> _MATERIAL SUPPLIED_
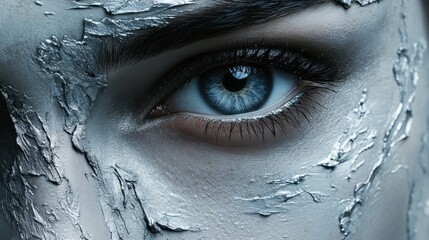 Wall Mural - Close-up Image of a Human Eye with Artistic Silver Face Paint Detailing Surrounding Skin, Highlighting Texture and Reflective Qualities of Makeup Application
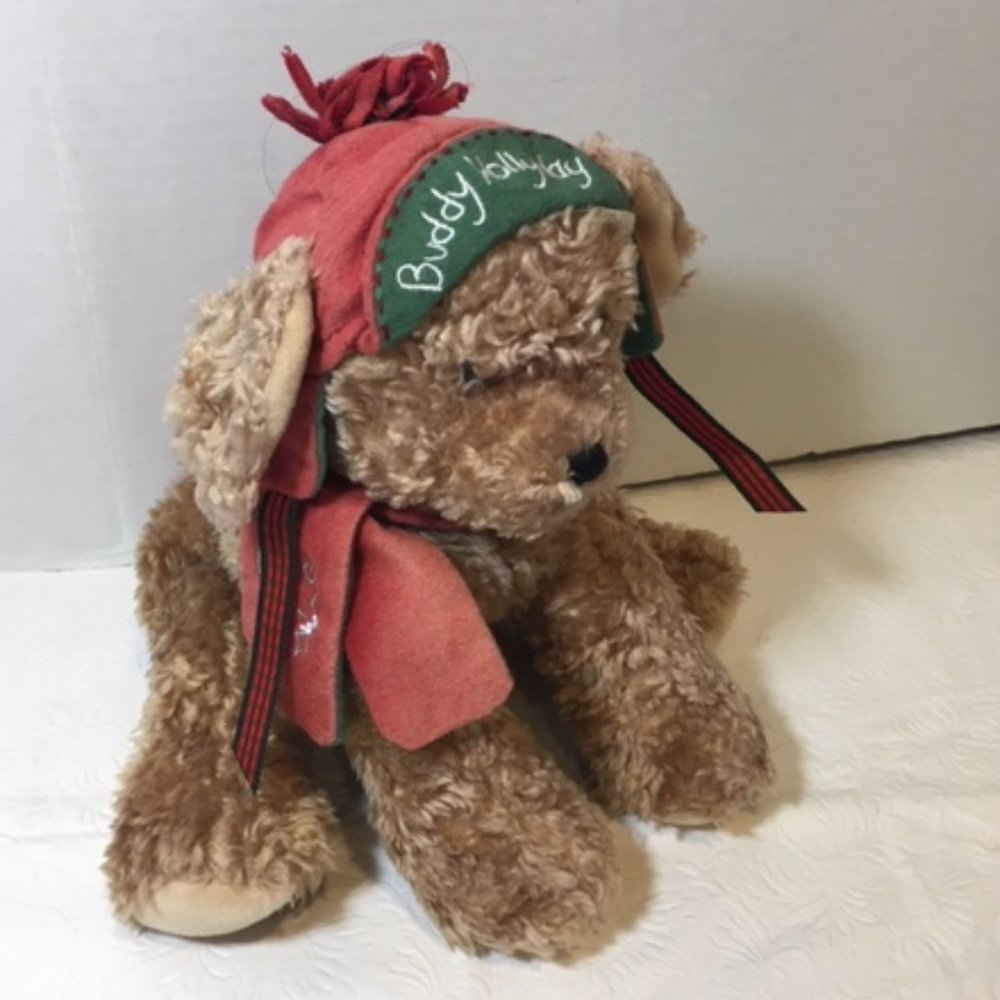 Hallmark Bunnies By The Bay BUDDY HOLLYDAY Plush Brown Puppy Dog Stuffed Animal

* * *

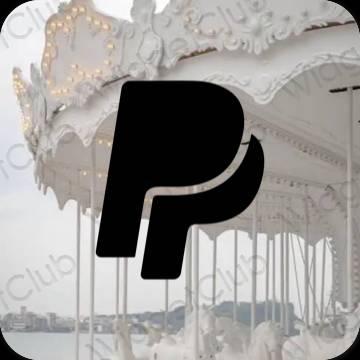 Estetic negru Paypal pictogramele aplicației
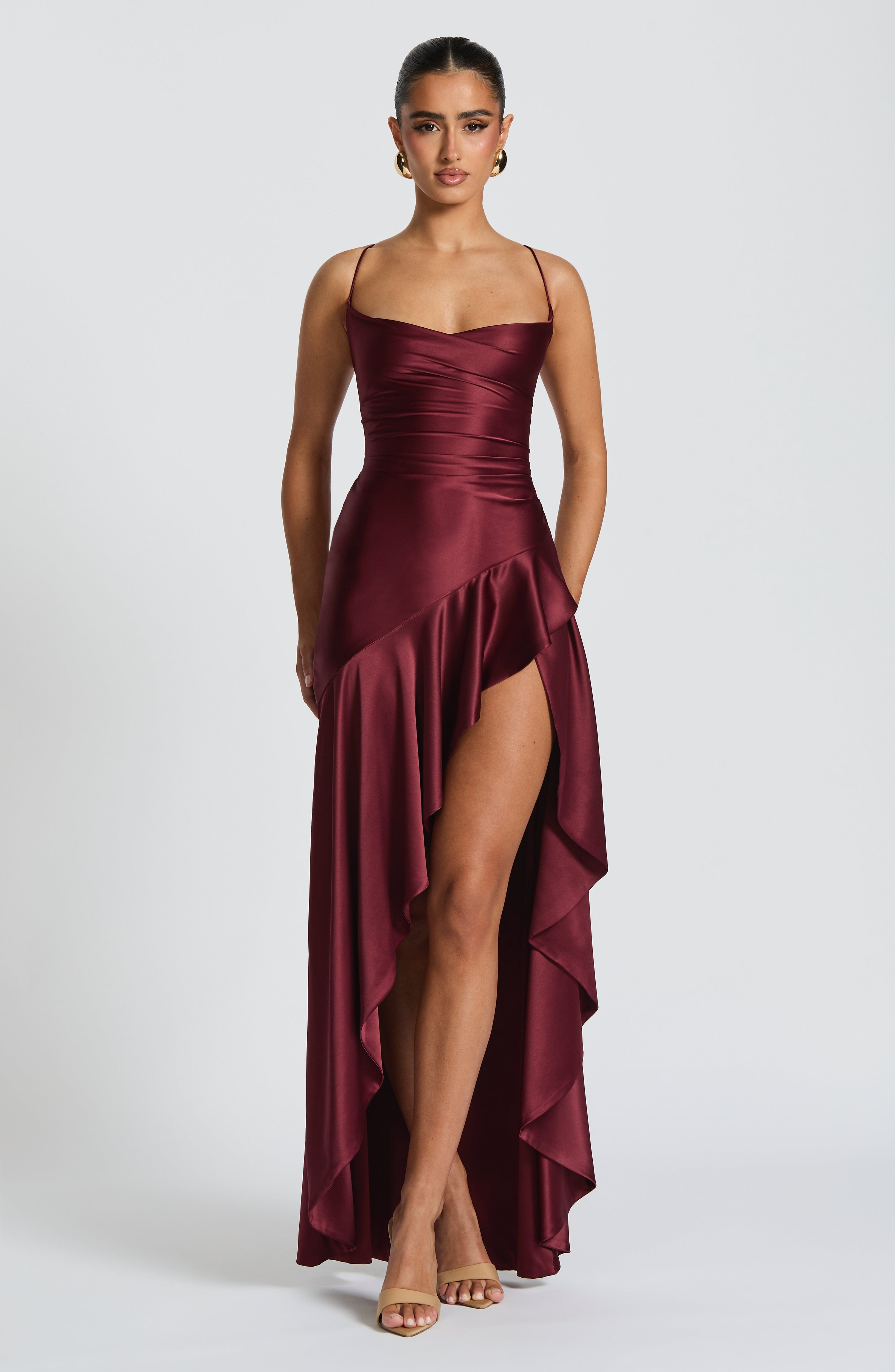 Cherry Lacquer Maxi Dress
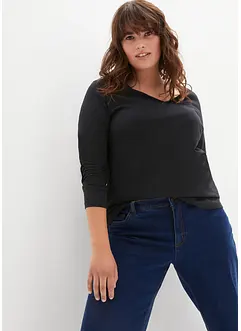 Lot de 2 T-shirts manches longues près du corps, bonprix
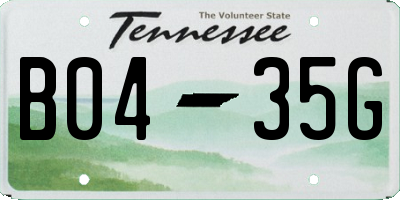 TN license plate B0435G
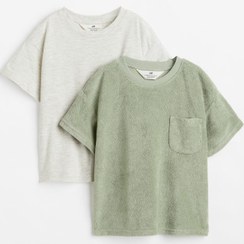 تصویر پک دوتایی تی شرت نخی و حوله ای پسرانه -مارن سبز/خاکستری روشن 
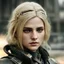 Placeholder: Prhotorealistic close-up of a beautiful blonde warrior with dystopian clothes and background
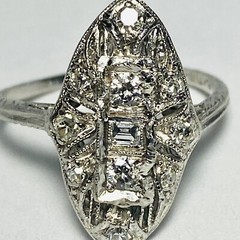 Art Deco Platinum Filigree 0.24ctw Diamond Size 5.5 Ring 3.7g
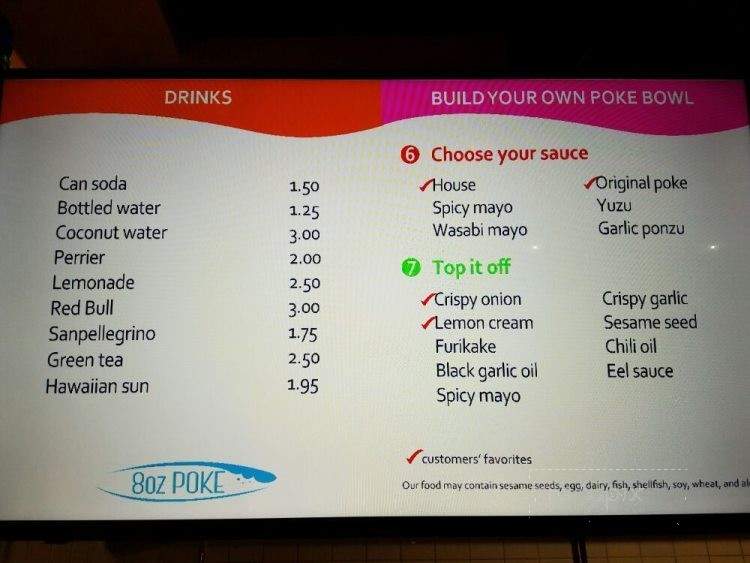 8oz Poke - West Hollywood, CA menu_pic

--

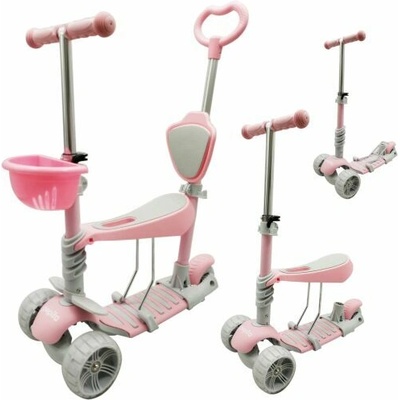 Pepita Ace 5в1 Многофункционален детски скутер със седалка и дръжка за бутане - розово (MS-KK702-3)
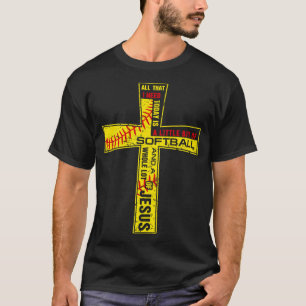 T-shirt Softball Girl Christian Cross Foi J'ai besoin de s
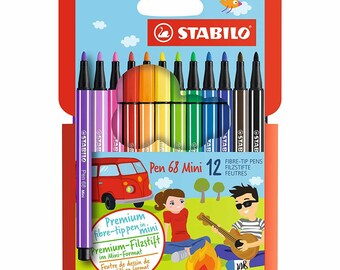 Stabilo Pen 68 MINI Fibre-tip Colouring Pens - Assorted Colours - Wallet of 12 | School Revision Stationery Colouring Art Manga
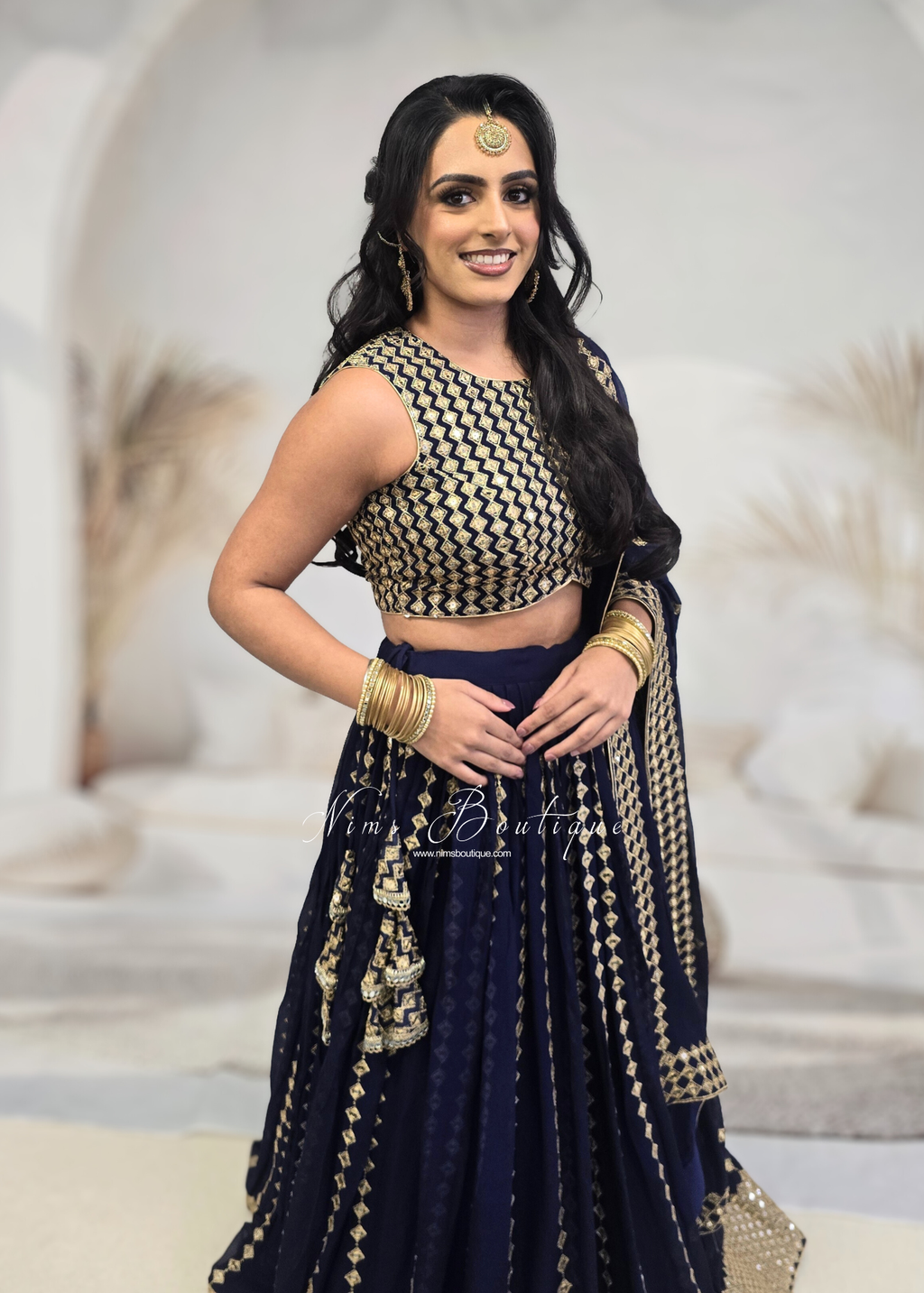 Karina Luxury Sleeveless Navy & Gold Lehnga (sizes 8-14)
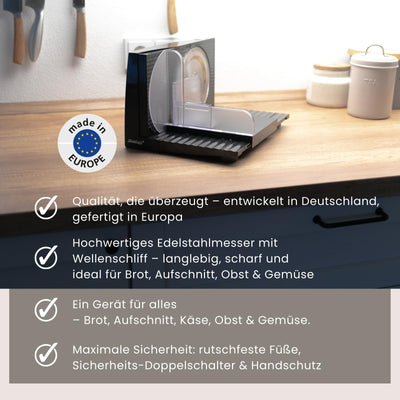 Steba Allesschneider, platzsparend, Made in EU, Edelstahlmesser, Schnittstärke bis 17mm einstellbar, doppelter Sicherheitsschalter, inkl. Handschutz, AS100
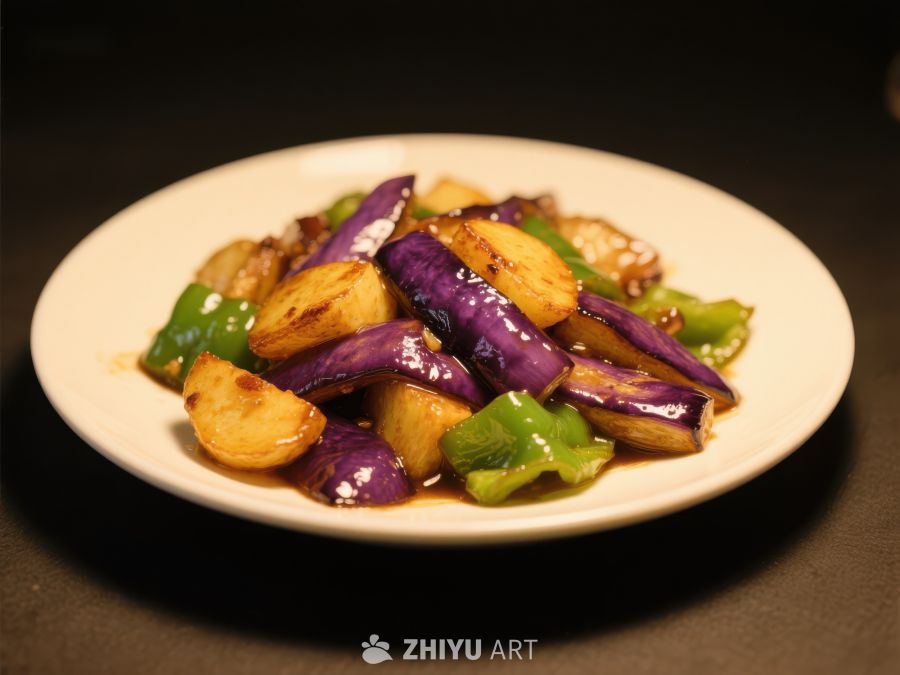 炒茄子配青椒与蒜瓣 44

> _EXERCISE PROMPT_
Out of the records above, return only the lines from the one with "T-shirt Softball Girl" through the one with "炒茄子配青椒与蒜瓣 44", exactly, and none of the pictures.

> _YOUR RESPONSE_
 T-shirt Softball Girl Christian Cross Foi J'ai besoin de s
 Stabilo Pen 68 MINI Fibre-tip Colouring Pens - Assorted Colours - Wallet of 12 | School Revision Stationery Colouring Art Manga
 Karina Luxury Sleeveless Navy & Gold Lehnga (sizes 8-14)
 Steba Allesschneider, platzsparend, Made in EU, Edelstahlmesser, Schnittstärke bis 17mm einstellbar, doppelter Sicherheitsschalter, inkl. Handschutz, AS100
 炒茄子配青椒与蒜瓣 44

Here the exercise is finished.